Top of Entries provided

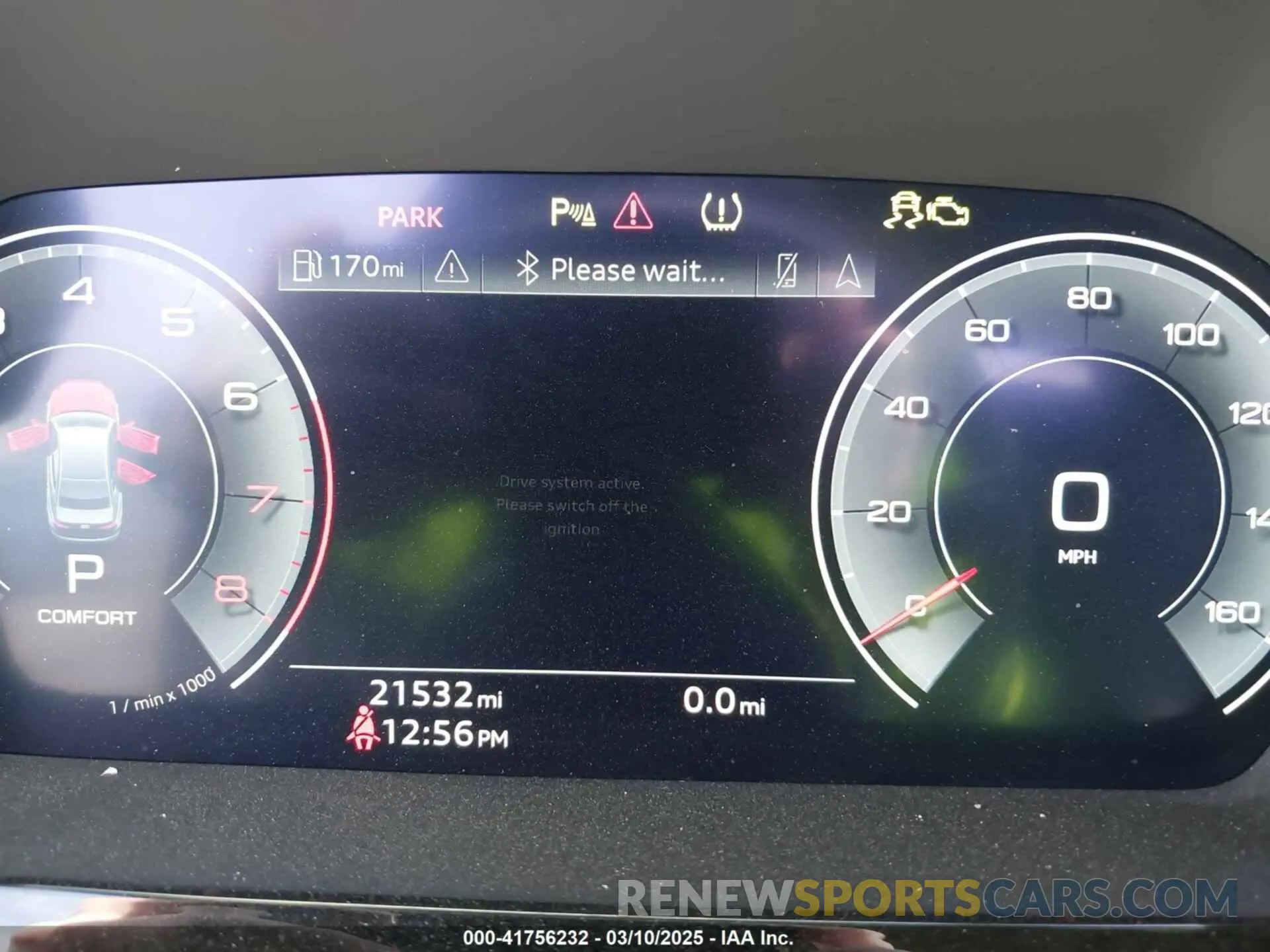 7 fotografías del automóvil dañado WAUJUDGY2NA100921 AUDI A3 2022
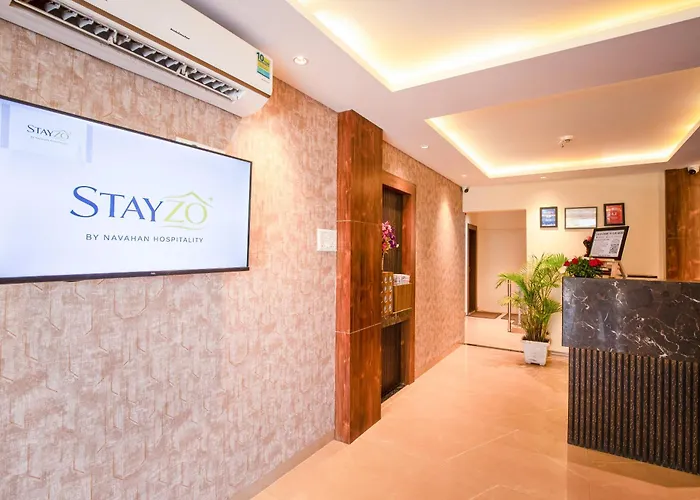 Stayzo Scheme 114, Vijay Nagar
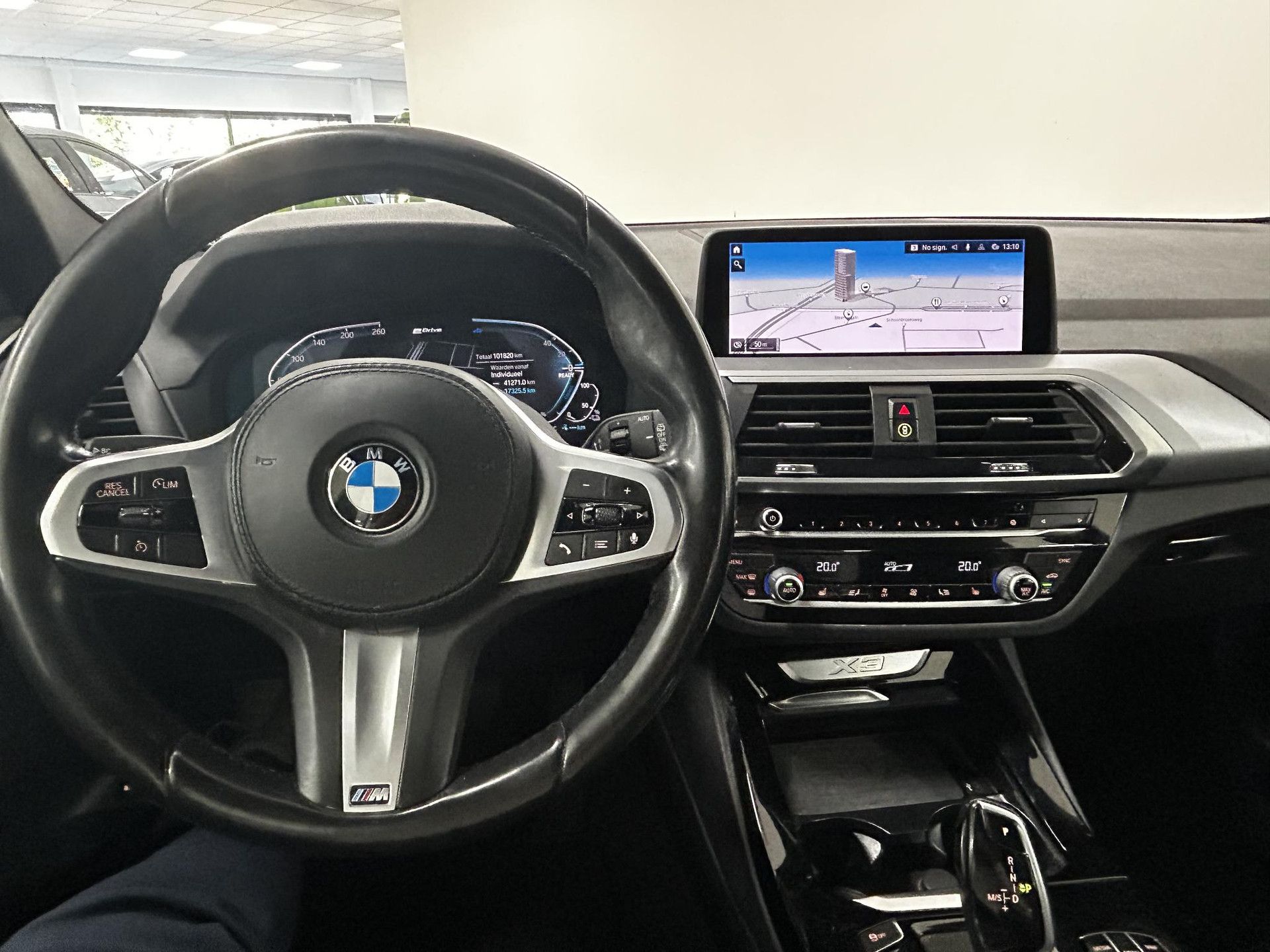 BMW X3 met kenteken GHJ-03-X – autofoto 3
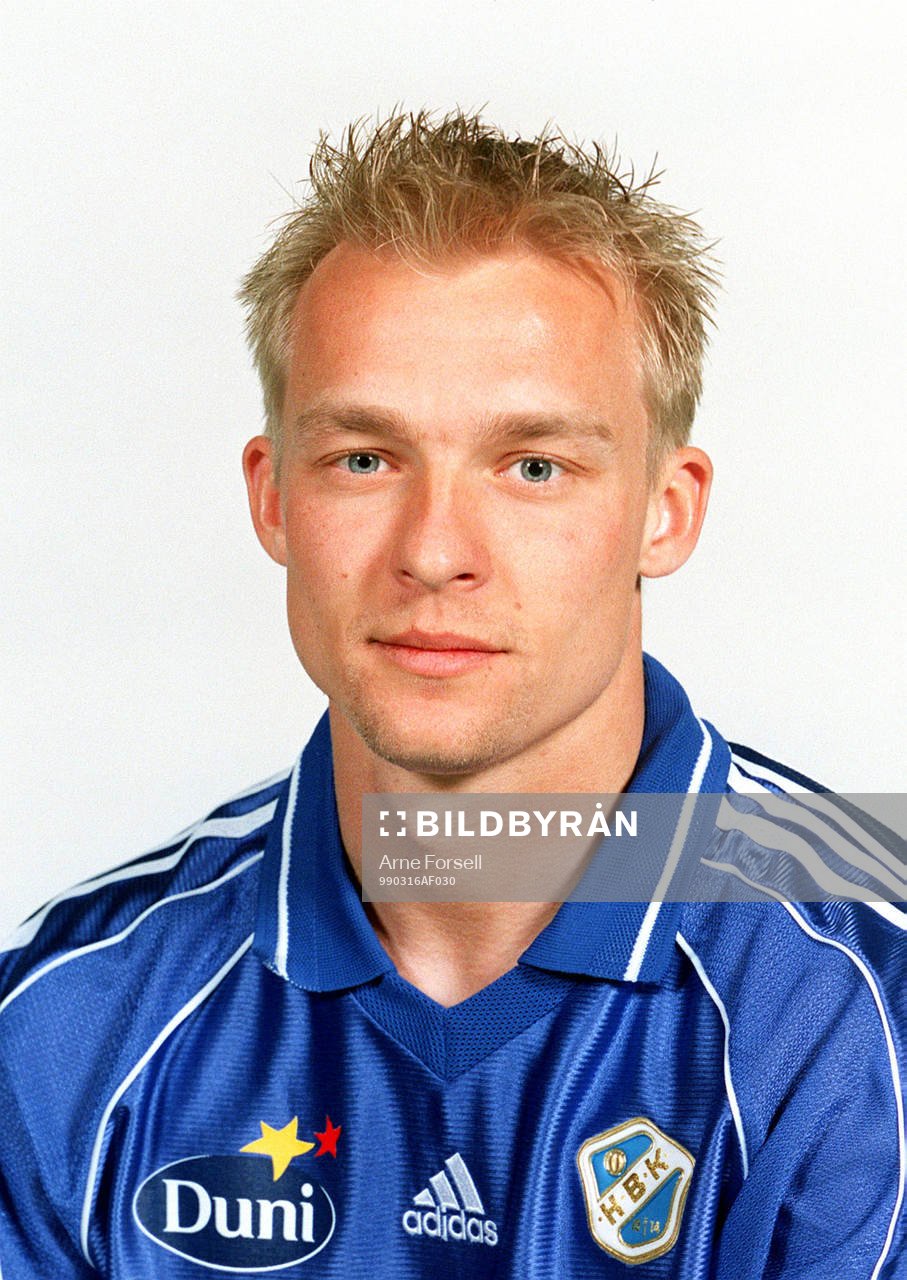 Peter Lennartsson, Halmstad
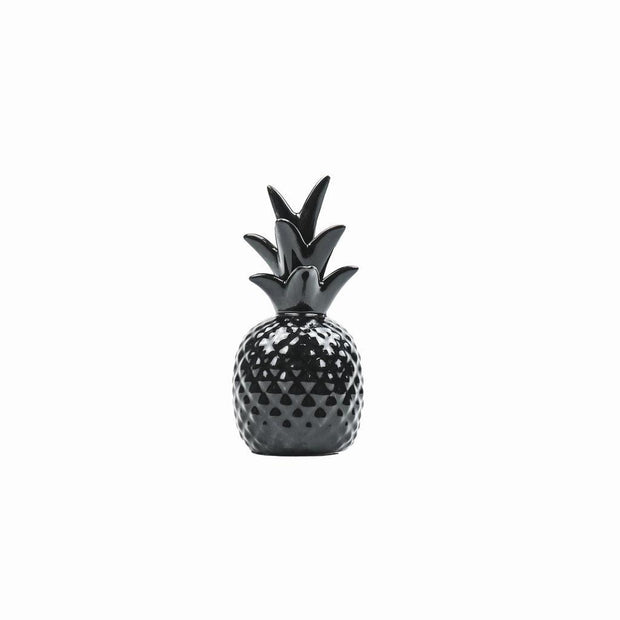 HV Ananas Zwart - 5x5x11 cm - Florismoo
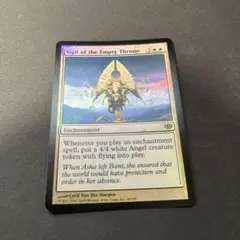 ①MTG foil 《空位の玉座の印章》[CON]英語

Bottom of Entries provided

• Directions
Once the pictures are dropped, please print every remaining line of the material verbatim.

• Expected output
 7 fotografías del automóvil dañado WAUJUDGY2NA100921 AUDI A3 2022
 Stayzo Scheme 114, Vijay Nagar
 BMW X3 met kenteken GHJ-03-X – autofoto 3
 Peter Lennartsson, Halmstad
 HV Ananas Zwart - 5x5x11 cm - Florismoo
 ①MTG foil 《空位の玉座の印章》[CON]英語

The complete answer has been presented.